At that meeting, several members of the Croydon club, namely Gordon Cornell and Norman Butcher, distinguished themselves by winning their respective events. George Fletcher took note of these performances and introduced himself to Gordon and Norman. Gordon later told me that this was the first-ever meeting between himself and George Fletcher. He could not recall if George introduced himself at the event or at the subsequent club meeting/celebration.
Regardless, this meeting came at a pivotal point in George’s career with IMA at a time when management pressures had placed him in urgent need of assistance. The Woburn Abbey results had made him aware of the above-average control-line flying capabilities of both Gordon and Norman, who moreover both lived near the IMA factory at Merton, which is only a few miles from Croydon. Since control-line flying was then still the most popular form of aeromodelling in Britain (how times change!), also representing the most significant long-term performance challenge for any model engine, George suggested that the two Croydon club-mates should come on board as a test team to assist in the further development of the FROG engines and model kits. Unsurprisingly, the two were more than pleased to accept this invitation.
Once the new development team was established, the evolving engines and models were flight-tested on the Lines Bros. sport field which was part of the factory complex. This field may be clearly seen to the right of the main factory complex in the accompanying air photograph. Gordon recalled that factory visits occurred on most Saturdays. Additional flight testing took place in Beddington Park and on Wimbledon Common close to the Windmill Pub (an inducement, perhaps?!?).
The first order of business was to embark upon the development of the larger design which IMA management were then keen to see enter production. A displacement of 3.5 cc was decided upon, this being a suitable displacement for an R/C or C/L stunt motor as well as keeping the engine eligible for S.M.A.E combat, which then permitted engines of up to 3.5 cc.
A prototype of the new design was soon in existence. The prototype FROG 349, as it was to become known, looked generally similar to the later production version, although it utilized a head and cooling jacket seemingly borrowed from the contemporary Frog 249 BB and undeniably needed a little "cleaning-up".
This prototype was sent to Peter Chinn, who was recognized at the time as Britain's leading tester of model engines as well as being an objective and knowledgeable critic whose assessments of prototype models were greatly valued by manufacturers. After testing the 349 prototype and reporting back to iMA, Chinn published a photograph of the tested engine in the February 1958 issue of "Model Aircraft", noting the fact that it had been just "one of the manufacturers' experimental models tested during the (previous) year". At the time of publication of this photograph, the decision to put the new design into production had evidently not yet been taken - indeed, Chinn specifically commented that the engine was "not likely to go into production".
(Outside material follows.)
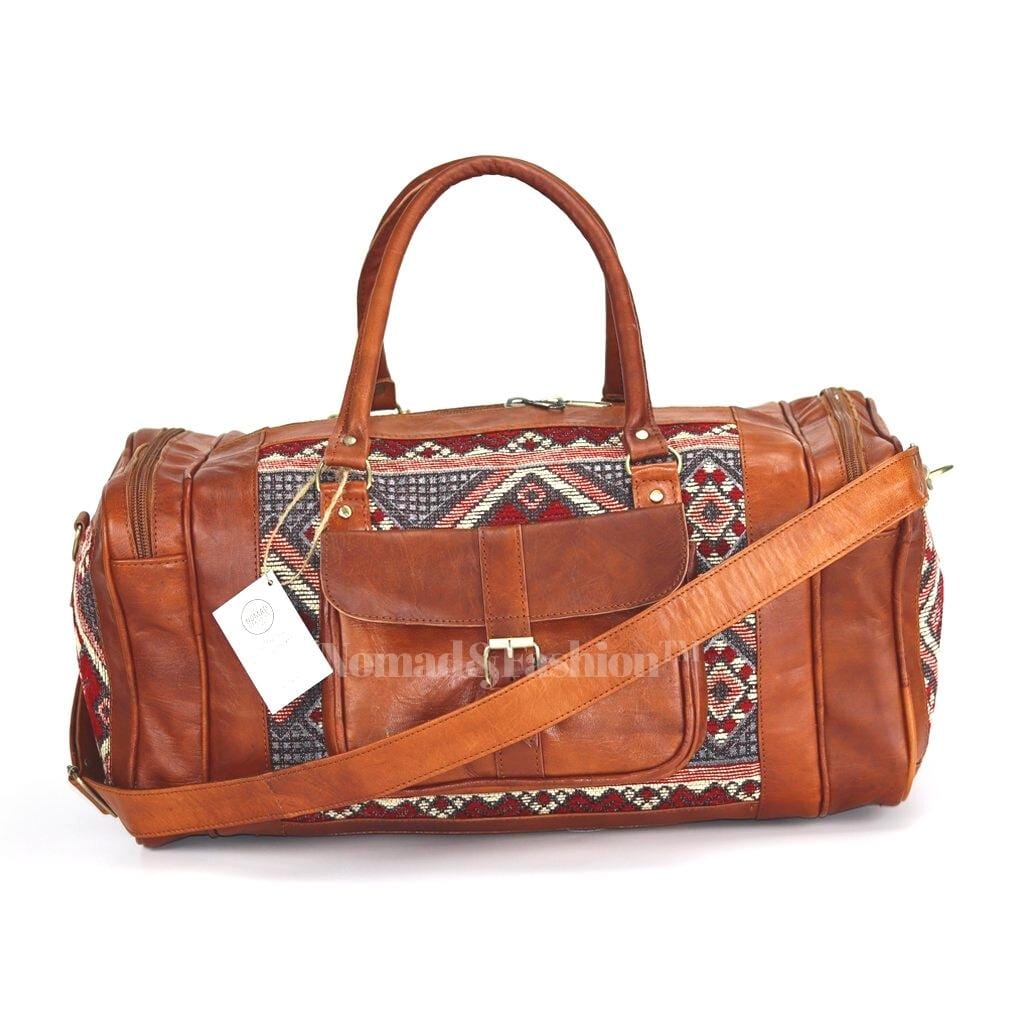 Genuine kilim Leather Duffle Kilim Bag Round Carry On Travel Weekender Overnight Bag - Brooklyn Leather goods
However, towards the end of 1958 the IMA Directors finally took the plunge by deciding to proceed with production of the new model. The engine finally saw the light of day in production form in early 1959, well over a year after its initial inception. I’ve set out the FROG 349 story in a separate article to be found on MEN. Suffice it to say here that while it was a bit on the heavy and bulky side for the power that it developed, the 349 was a well-made engine which upheld IMA's reputation for design originality with its cross-flow loop scavenging, sidestack exhaust and "centrifugal" drum valve induction.
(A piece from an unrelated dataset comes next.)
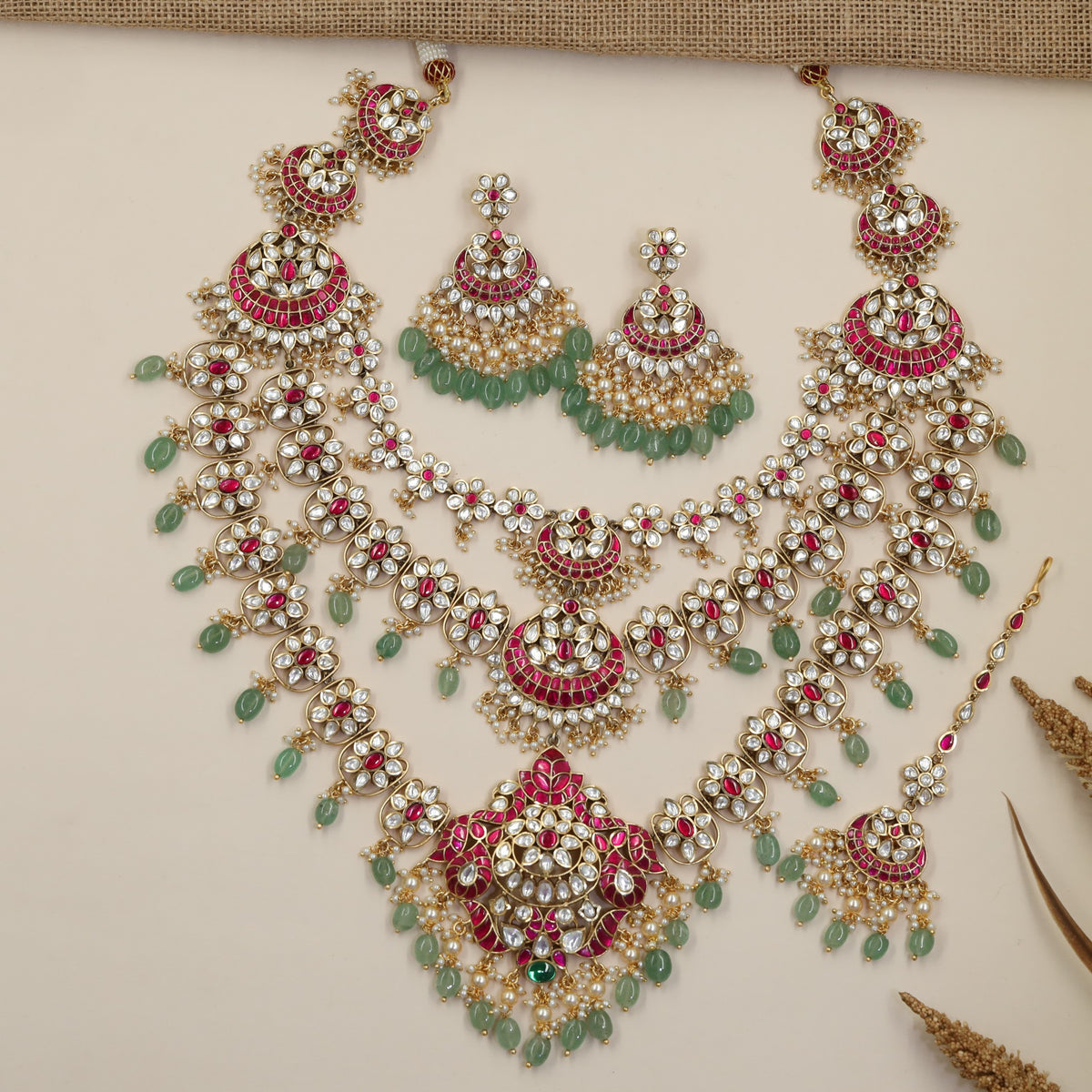 Floral Jadau Long Haara Combo Set with Cascading Rosettes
While all of this was going on in late 1957 and early 1958, Gordon Cornell had been testing the now 2-year old FROG 150 Mk. II. His findings demonstrated that, despite the previously-described modifications implemented by George Fletcher in late 1955, that model was beginning to lag behind the performance standards being set by other competing products both from Britain and elsewhere. There were already rumours of a forthcoming 1.5 cc model from Allen-Mercury (A-M) which was expected to raise the performance stakes in that category. Moreover, sales of the 149 “Vibramatic” diesel had proved to be relatively sluggish, perhaps influenced by the engine’s undeniably odd appearance which Ron Warring not unfairly but rather unkindly likened to the front end of an “Emett” railway engine, referring to the works of the eminent English cartoonist and kinetic sculpturist Rowland Emett (1906-1990), well known for his contributions to the English satirical magazine “Punch” and for his caricatures of technical subjects.
All such comments notwithstanding, it was clear that IMA needed a new flagship product in the 1.5 cc category. This category was very much in an expansionist stage in Britain at the time. In addition to the emergence of ½A combat, the ½A team race category was in its early stages of development as a competitive class. American readers should take note that the British ½A class was for 1.5 cc (0.091 cuin.) powerplants. It’s important to avoid confusion with the American ½A class for .049 cuin. motors.
This prompted an expansion of Gordon Cornell’s involvement with IMA’s development programs from flight testing into the engine design field. While George Fletcher worked on the designs of the late-blooming FROG 349 and a proposed new FROG 1 cc model (see below), Gordon undertook a review of the FROG 150 and came up with a new flagship 1.5 cc design to be marketed as the FROG 150R. We’ll look at that model next.
The FROG 150R
Prototypes of the new 1.5 cc model were apparently in existence as of early 1958, since Peter Chinn later made reference to having recieved an example (then un-named) for test at that time. He reported having run the engine for a total of 20 hours with no variation in performance over that period.
The FROG 150R eventually made its IMA advertising debut in the June 1958 issue of “Aeromodeller” magazine. It was just in time to meet the very serious competition presented by the release of the long-anticipated 1.5 cc Allen-Mercury (A-M) 15 in the same month as well as that of the reed valve E.D. Fury 1.5 cc model which had appeared a month or so earlier.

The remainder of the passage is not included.